Per rispettare i propri vincoli istituzionali e nel contempo essere indipendente il servizio pubblico deve necessariamente essere coerente rispetto al pubblico ed incompleto rispetto ai propri “editori”. In questo consiste l’indipendenza, nell’assicurare rappresentatività alle istanze della collettività nazionale senza che tale rappresentatività diventi rappresentanza, con o senza vincolo di mandato (una cosa è farsi rappresentante, ben altra cosa è saper essere rappresentativi, peraltro in modo obiettivo, completo, imparziale, di quanto accade nella comunità nazionale in termini di rilevanza sociale, interesse collettivo, valenza istituzionale, incidenza nella vita dei cittadini). Sta alla cultura, alla preparazione, all’autonomia degli operatori del servizio pubblico radiotelevisivo riuscirvi, non agli algoritmi.
E’ dei giorni scorsi la notizia che Google ha inserito Salvini tra i grandi scrittori.
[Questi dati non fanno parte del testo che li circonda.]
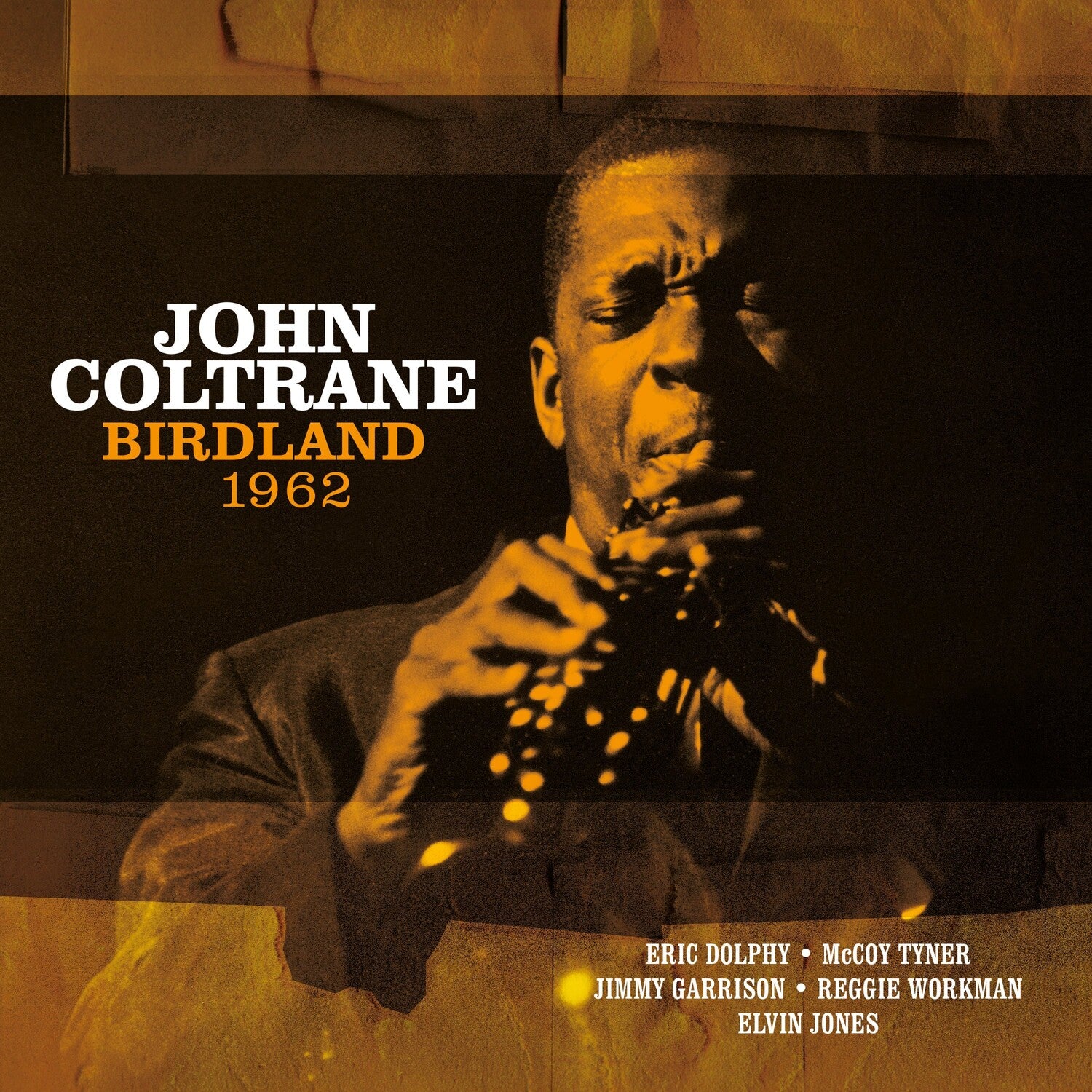 John Coltrane - Birdland 1962 (White Vinyl)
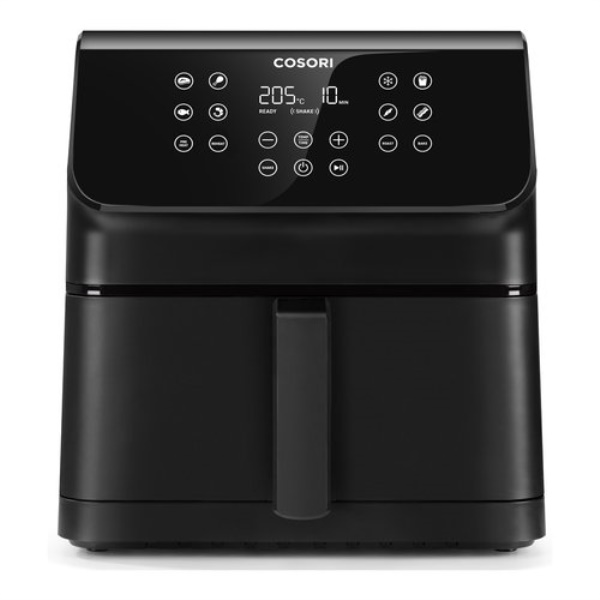 Friggitrice ad aria Cosori CAF P651 KEUR PREMIUM II Chef Edition Black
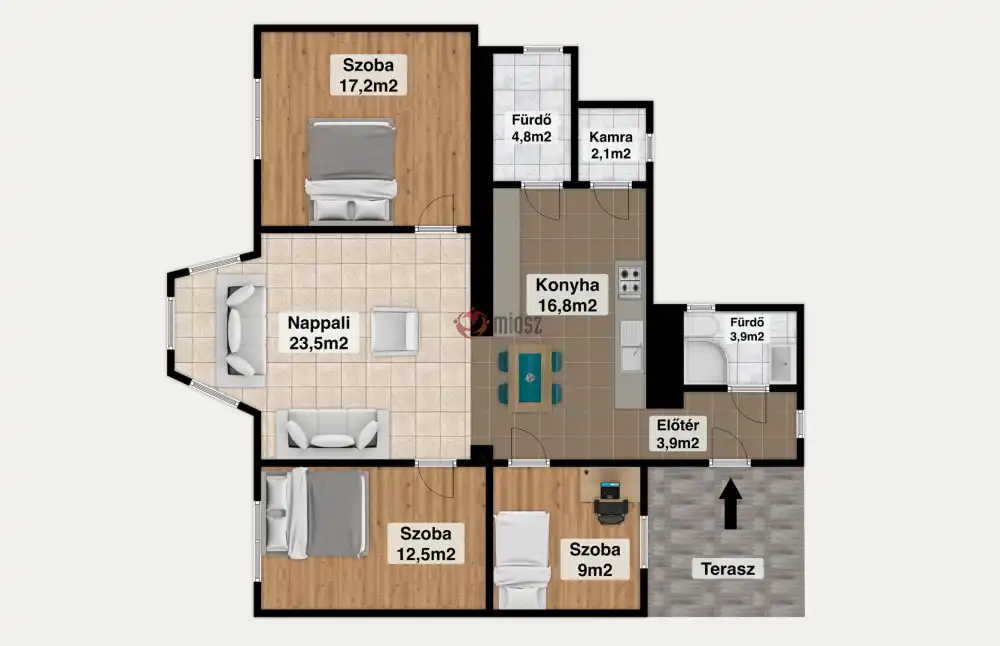 Komárom-Esztergom megye - Sárisáp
Colpa dell’algoritmo, si è detto, che avrebbe incluso tra i suoi big data dichiarazioni del Vice Premier su Gianni Brera “grande scrittore e giornalista” e quindi per “associazione algoritmica”, implicante una sorta di attrazione gravitazionale, Salvini è stato considerato come “avente a che fare” con i grandi scrittori.
Abu Jafar è Al-Khwarizmi, il matematico persiano da cui prese il nome l’Algoritmo, ma non sapeva che a lui Salvini deve l’ingresso nel Gotha dei grandi scrittori!